Physician-patient relations and communication skills will be important for future career success.
CMS recently announced it will collaborate with private payers to reward primary-care practices for better engaging with patients and being more available to them. The statement comes on the heels of a University Chicago Medical School announcement that it is developing an institute devoted solely to teaching and researching patient relations skills.
Both occurrences represent a larger trend: a growing acknowledgment among physicians, patients, educational institutions, and government programs that positive physician-patient relationships improve patient health.
“At the heart of medical care, at its very foundation, lays the relationship between the physician and patient,” University of Chicago President Robert Zimmer said during a press conference announcing the university’s new initiative.
This makes sense. The more comfortable a patient is with his physician, the more likely he is to follow up with him, open up about medical problems, and heed his advice.
Still, it’s difficult to acknowledge that a positive physician-patient relationship could potentially have as large an impact on a patient’s overall health as a procedure like an x-ray or a colonoscopy.
Perhaps that’s why, in the traditional fee-for-service reimbursement realm, no monetary value is placed on a physician’s patient relations skills. And, perhaps that’s why medical institutions have not spent as much time teaching students patient relations, as say, cancer screening.
So why is this increased value being placed on patient relations now? Most likely it’s due to the federal deficit, which is forcing officials to look for new ways to trim health costs without reducing quality of care.
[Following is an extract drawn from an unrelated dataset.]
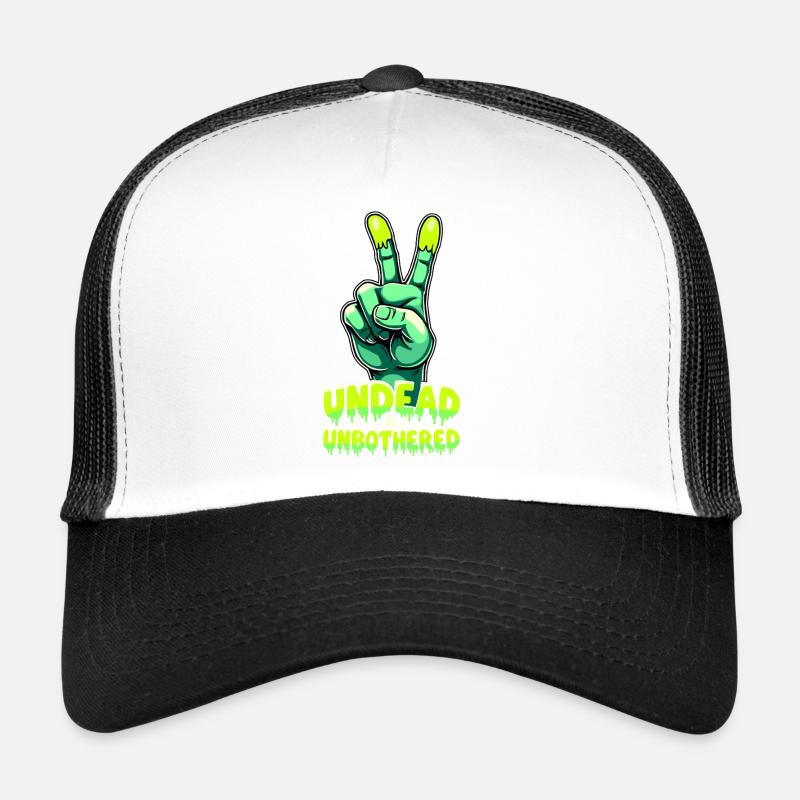 Undead and Unbothered Peace-Zeichen Zombie Trucker Cap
Improved patient relations may just be the easiest way to do that.
For instance, an extra five-minute conversation between doctor and patient does not cost anything more than the physician’s time - it requires no supplies, equipment, additional services. And yet, it can ensure that a patient better understands how and when to take his prescriptions, and therefore, it can help that patient avoid a more serious health problem down the road due to forgetting or ignoring his physician’s instructions.
“We know that when doctors have time to spend time with their patients and can better coordinate care with specialists, people are healthier and we have lower costs in the healthcare system,” CMS Administrator Donald Berwick said in a statement.
Participating providers in CMS’ Medicare pilot program, the Comprehensive Primary Care Initiative, will receive an extra $20 per month per patient for making themselves “more available” to patients.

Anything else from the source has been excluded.